In July-September, fresh investment proposals rose 67.2% in terms of new projects, and by 107.1% in terms of project investments on a quarter-on-quarter basis, according to data from Projects Today. In all, 2,219 new projects entailing a total investment of 2.19 trillion were announced in Q2, rising from 1,327 new projects worth 1.05 trillion in Q1.

A particular bright spot for listed EPC firms has been awarding of contracts for national highways. NHAI has awarded 1,330km of highways in the fiscal first half, which was 1.6 times FY20 and 3.5 times FY19 levels. For the awarded projects, NHAI has already completed at least 80% of the land acquisition. NHAI has set a target of awarding 4,500km of projects during FY21.

NHAI has also used digital banking to disburse about 10,000 crore to contractors, boosting their cash flows. It has also set up a dispute resolution board for speedy resolution while the projects are in progress.

NHAI has also made changes to the concession agreement on hybrid annuity projects, linking annuity payments to bank lending rates.

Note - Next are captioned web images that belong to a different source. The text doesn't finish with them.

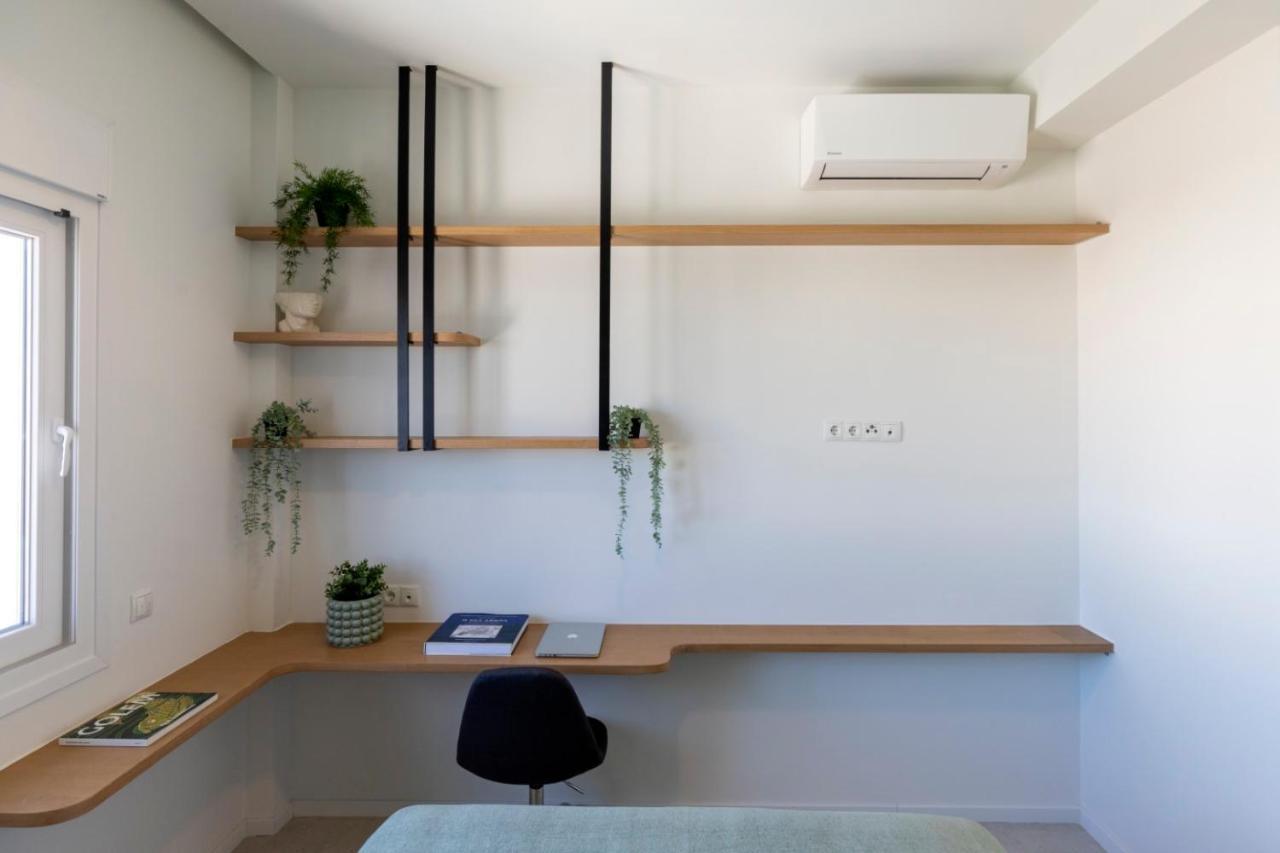 Modern 4Bd Apt Near Piraeus Port-Ath-15 Min Walk-Pirasmus Residencies Bagian luar foto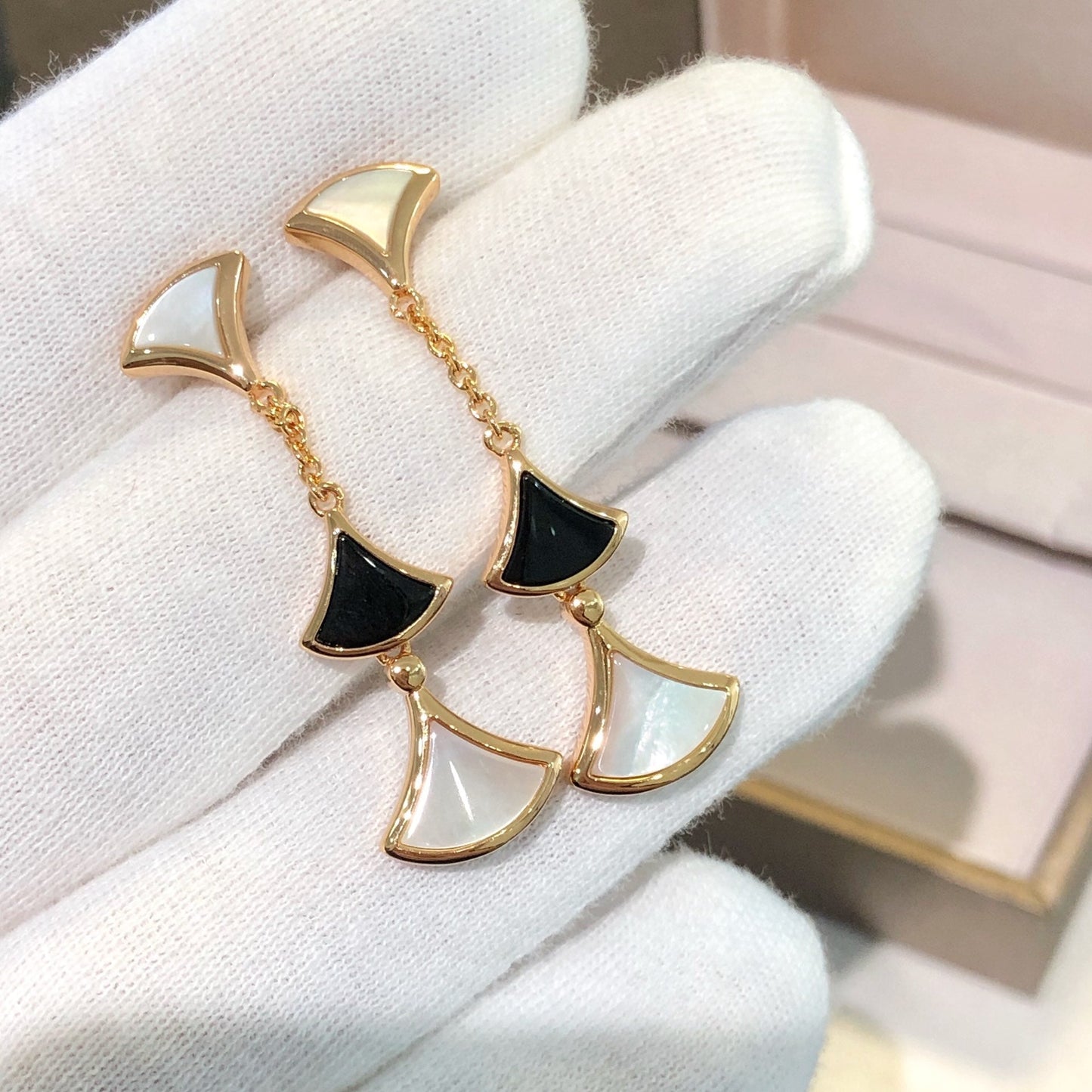 [Pearl Jewelrys]DREAM EARRINGS 3 MOTIFS ONYX MOP PINK GOLD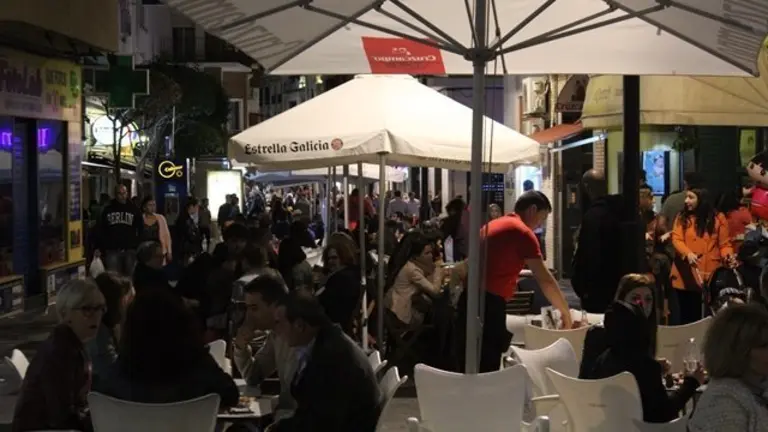 terraza en el centro de algeciras, en archivo.
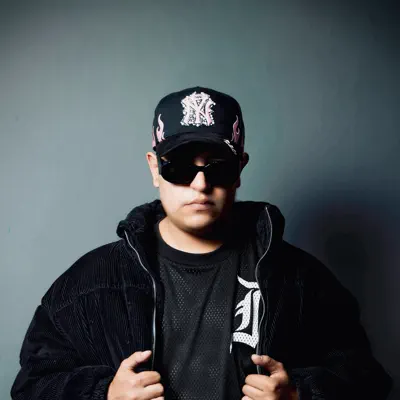 Listen to Dimelo Valdu, watch music videos, read bio, see tour dates & more!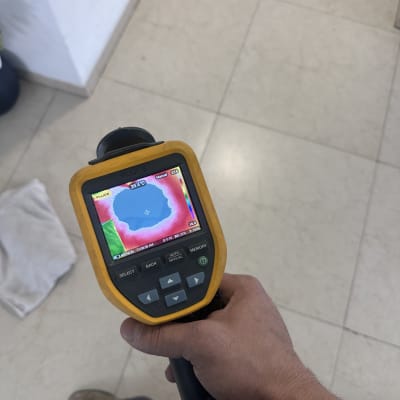 מד חום תרמי על רצפה עם תצוגת חום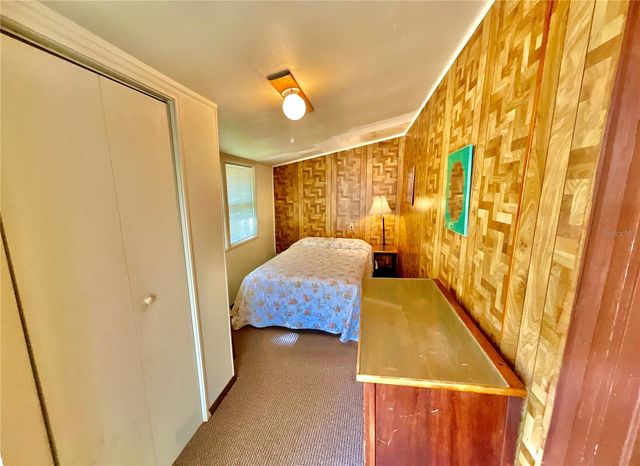 106 E SUNNYSIDE BEACH ROAD, Hawthorne, FL 32640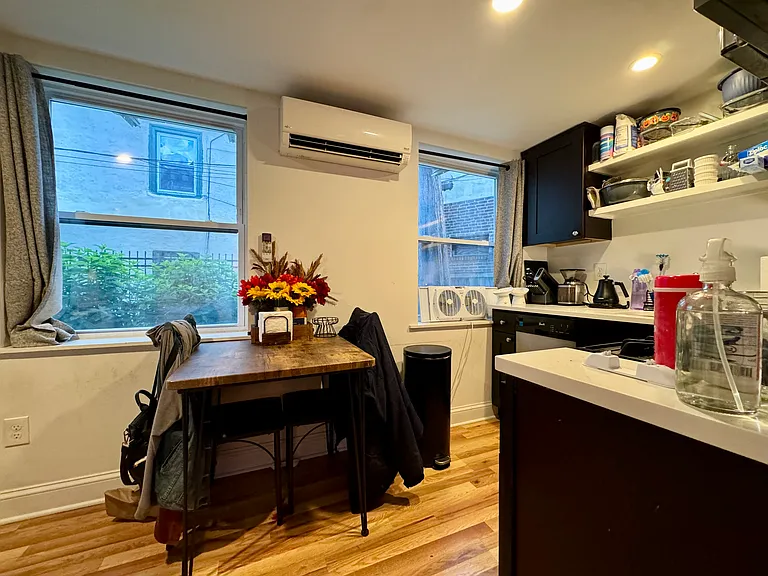 6374 Germantown Ave #6 — Photo 4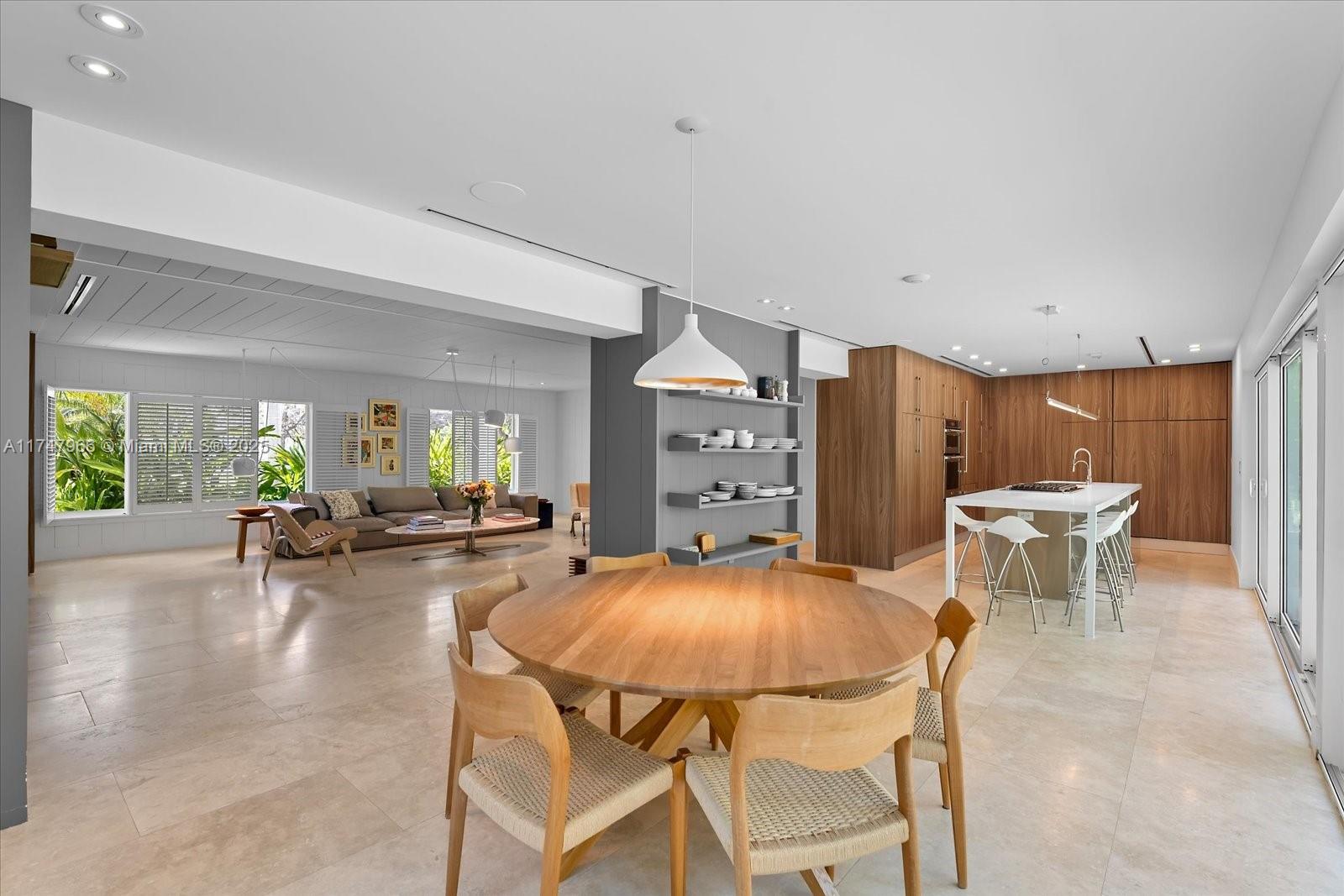 135 W Sunrise Ave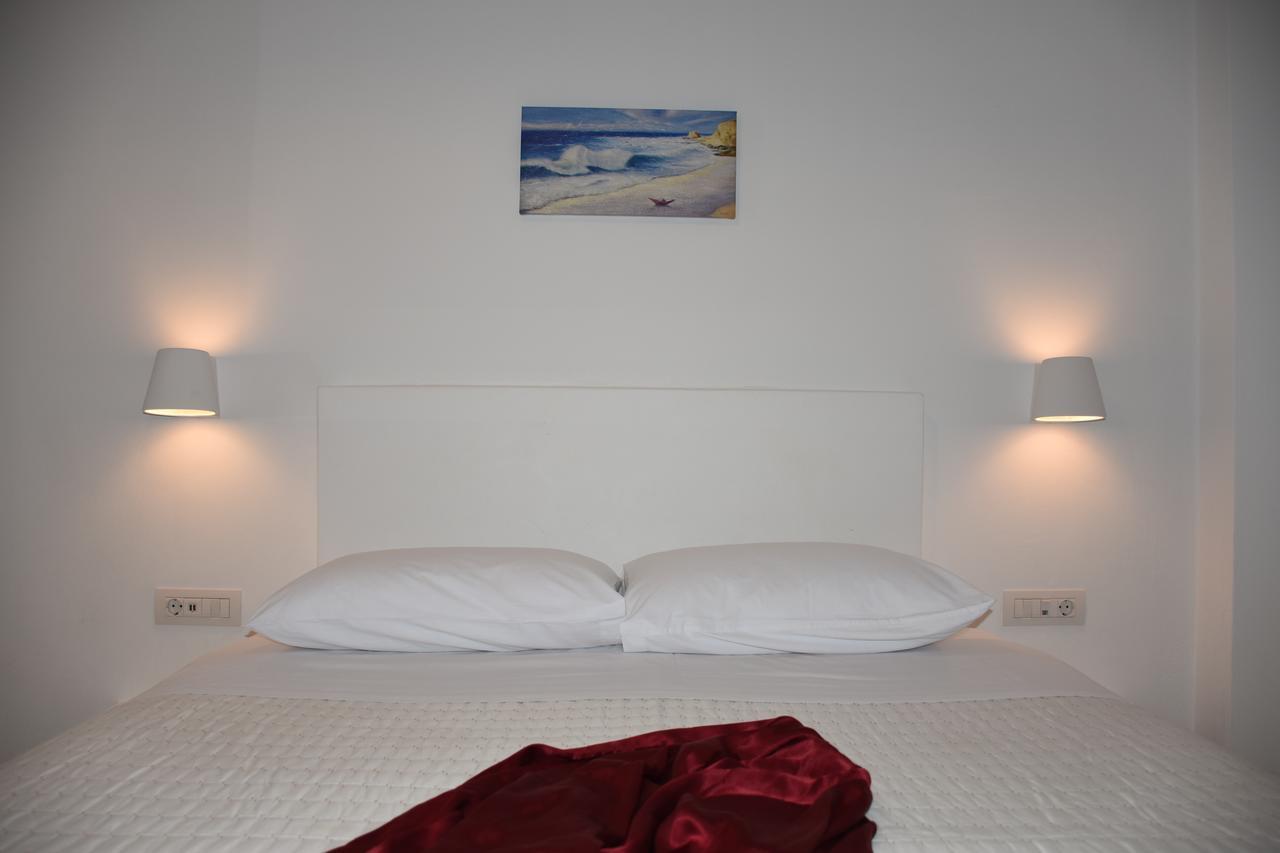 Arion Bay Hotel Santorini Камарі Екстер'єр фото
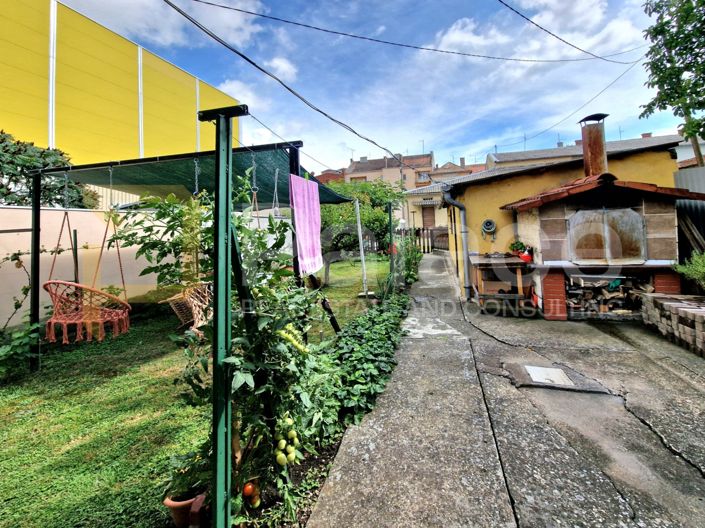 Image No.19-5 Bed Apartment for sale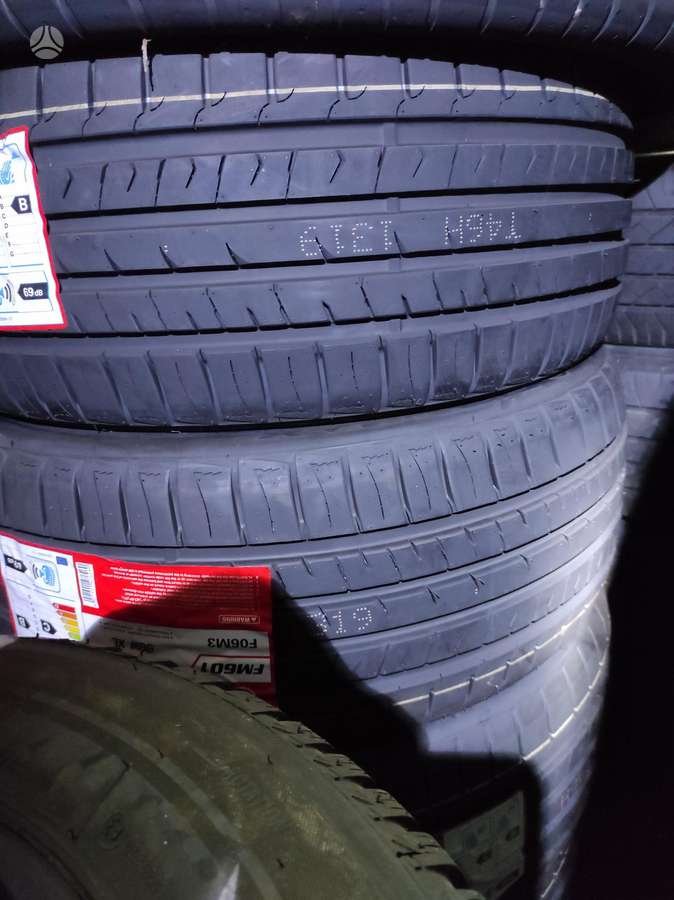 Continental, летние 235/40 R19
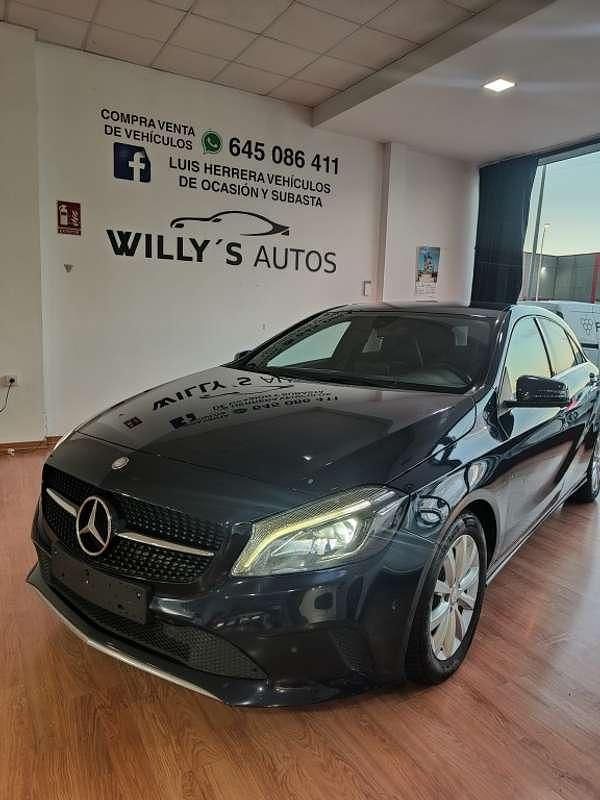 Usado Mercedes A180 109 CV (80 kW) 2016 Burdeos Utilitario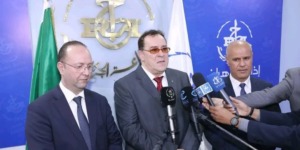 مزيان يكشف: استكمال إعداد كل النصوص التنظيمية التي تؤطر العمل الصحفي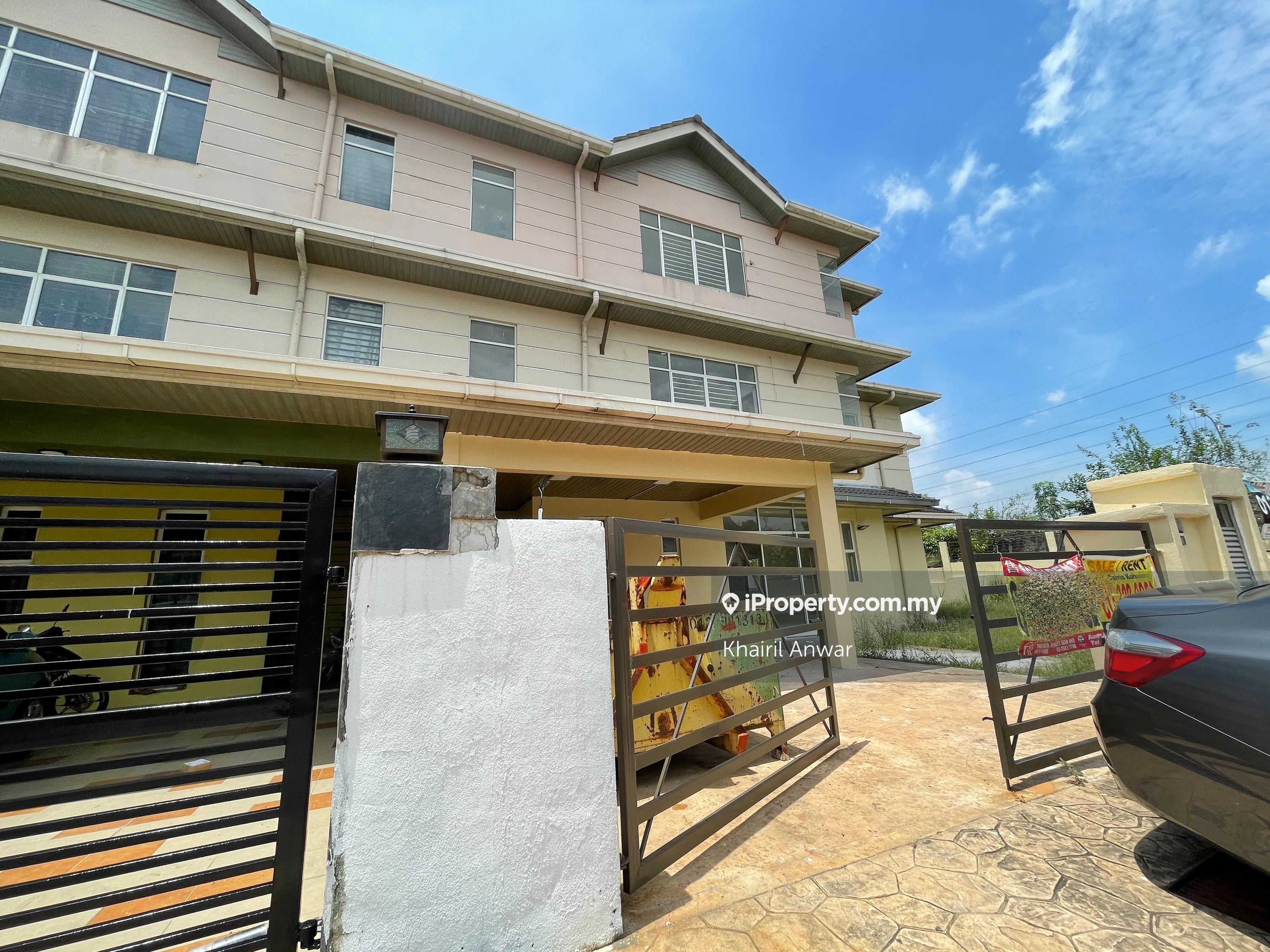 Semi-D house for Rent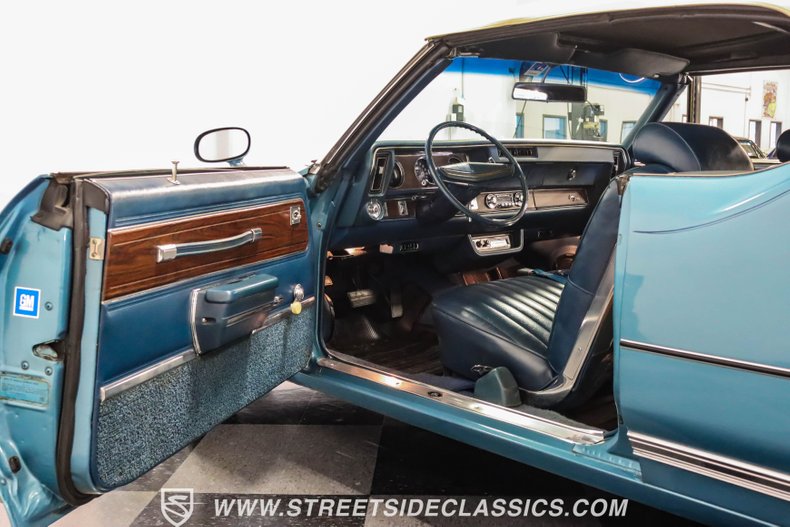 Unknown-Cutlass-1971-Nordic-Blue-Blue-43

Credit ratings agency Icra said in a report last month that the Union government will maintain its pace of infrastructure spending, given its positive multiplier effect on the overall economy.

“The states in particular are staring at a huge revenue deficit in the current financial year and, therefore, the headroom available to them for incurring capital expenditure has reduced substantially. The private sector capex and the interest in public private partnership-based infrastructure projects is also expected to be limited in the near term due to increased risk averseness and limited capital availability. As a result, EPC projects in roads and rail are expected to witness heightened competition."